EXERCISE REQUIREMENTS>
Starting with the line that contains "hmlIC DURBAN WOMAN CROP SWEATSHIRT", return every line through the end of the listing below exactly as written. Omit the pictures.

DATA>
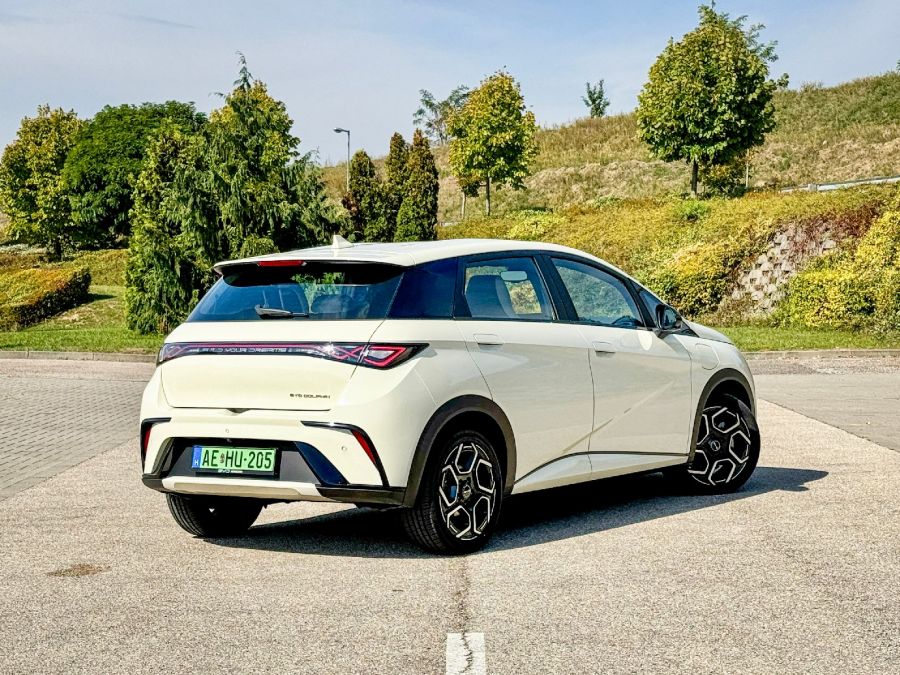 Reális álmok – BYD Dolphin Comfort - Autó & Motor - MOBILITY - byd dolphin, byd dolphin teszt, dolphin, 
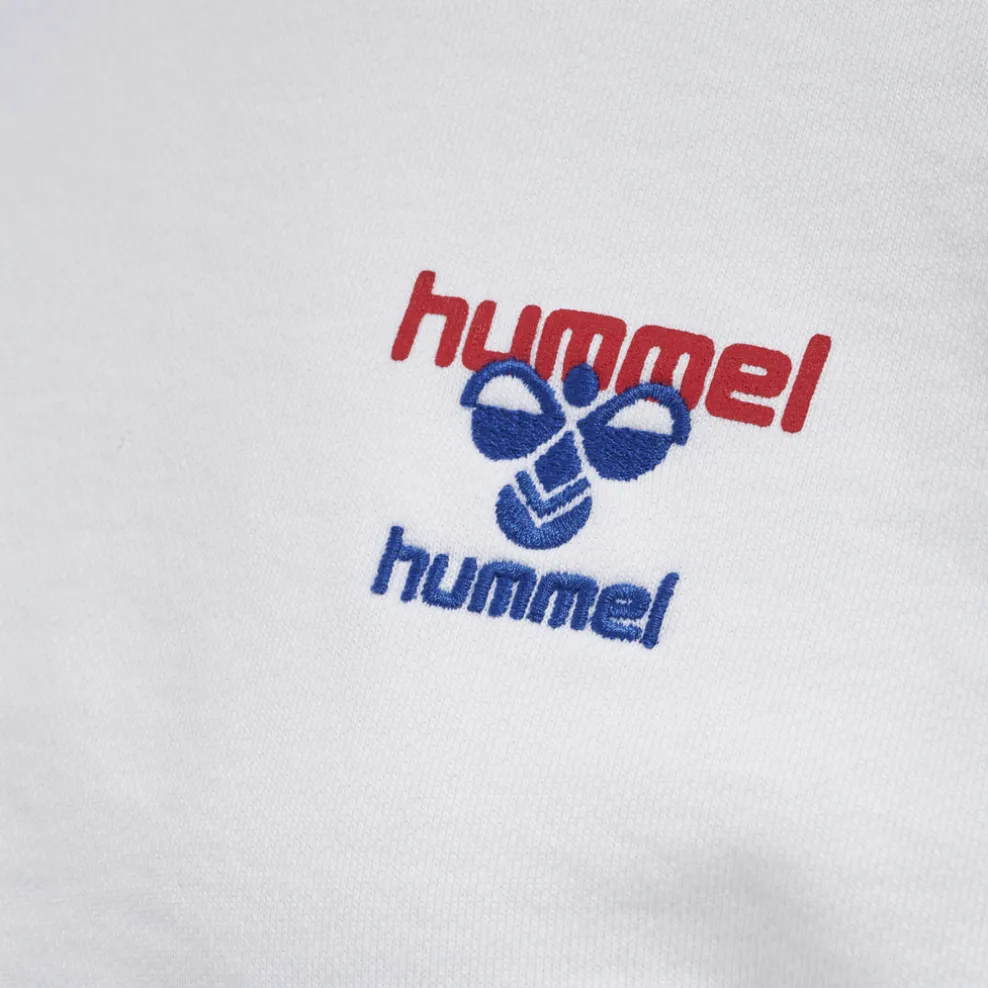 hmlIC DURBAN WOMAN CROP SWEATSHIRT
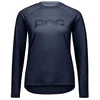 Image de Poc Reform Langarm Enduro Trui Blauw M Vrouw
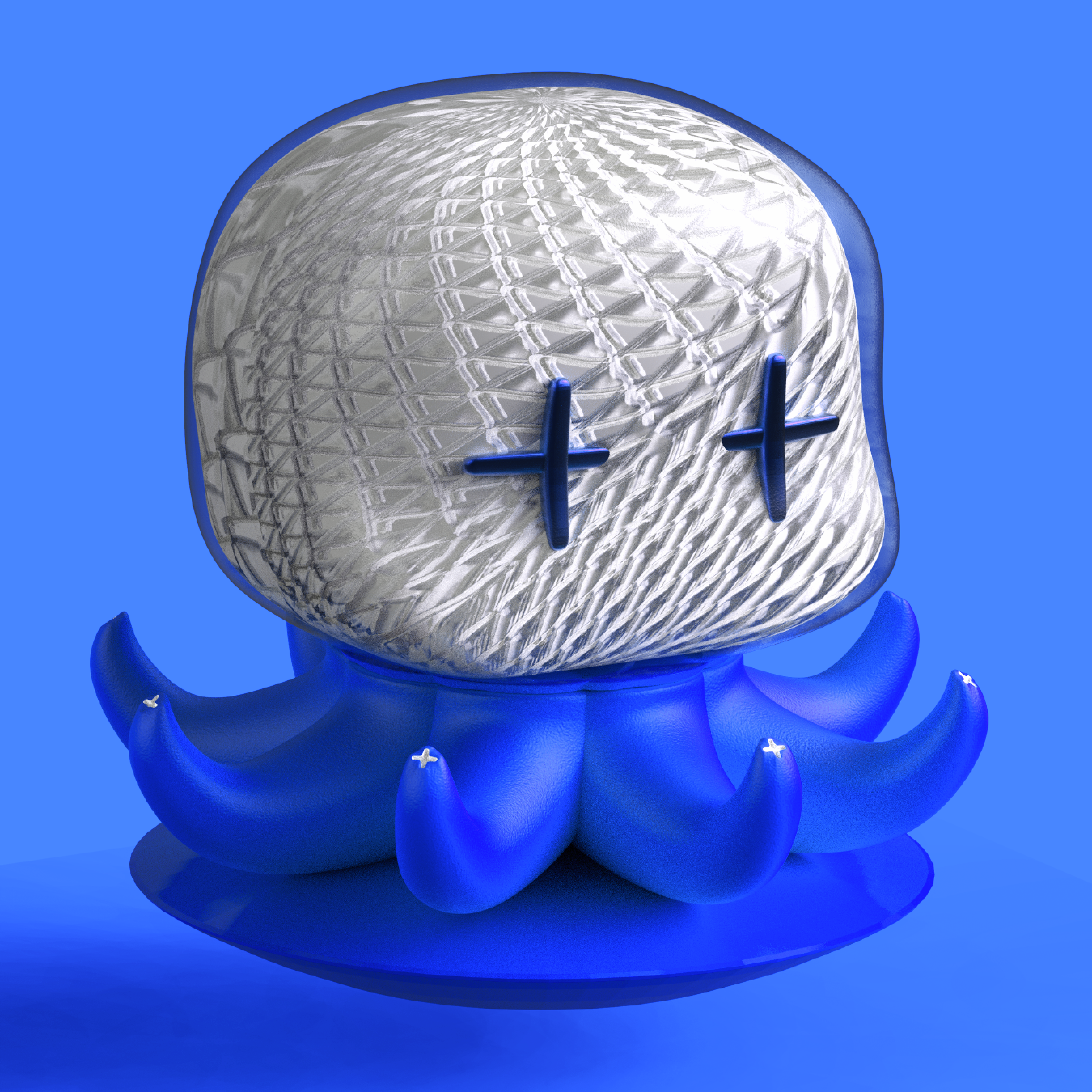 Apolio #270 NFT on Algorand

PROBLEM SOLUTION>
 hmlIC DURBAN WOMAN CROP SWEATSHIRT
 Image de Poc Reform Langarm Enduro Trui Blauw M Vrouw
 Apolio #270 NFT on Algorand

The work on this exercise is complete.